We hurried, my two daughters and I. We got in the car and drove to Marshfield to “just to look” we told my husband. But he knew.

Molly was the puppy that hid in the corner, the roly-poly one shy, soft and sweeter than we dreamed. It was love at first sight, even for the husband who sighed when we brought her home.

Now Molly is thirteen. Older than we thought she’d ever be. She was hit by a car and almost died when she was a puppy.  She ate a tube sock. She ate control top panty hose, then a dish towel, then a pair of men’s sock and had to have all these things, one operation at a time, surgically removed. She’s had ear mites and fleas and ticks and her share of bad days. But most of them have been good days for her and maybe even better ones for us.

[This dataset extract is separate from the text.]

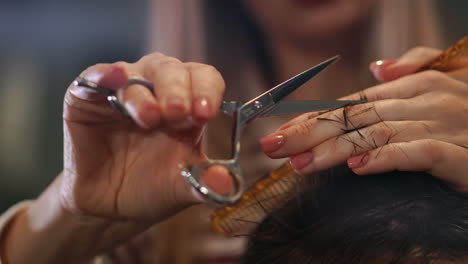 Close-up-of-men's-hair-cutting-scissors-in-a-beauty-salon.-Frame.-Close-up-of-a-haircut-at-a-hair-saloon.-Professional-barber-styling-hair-of-his-client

Now, though? I don’t know. She doesn’t hear me when I walk down the stairs in the morning. She doesn’t know I’m beside her until I bend and pet her. Sometimes she flinches. Sometimes she sighs. But always, always, her tail goes as fast as ever. Her way of saying, “I’m happy you’re here.” 

It takes her a while to get to her feet these days. It’s a struggle. I see this. Her legs aren’t strong and she’s full of wee seats - lying down while I make her food, lying down when I take too long to open the back door, lying down all the time.

She doesn’t bark at the vacuum cleaner anymore. She used to go crazy. Now when it’s right next to her, she doesn’t even open her eyes.      

But the word “brush” still gets her attention. “Molly, do you want to be brushed?” And her ears recoil. But she doesn’t have the energy to run away.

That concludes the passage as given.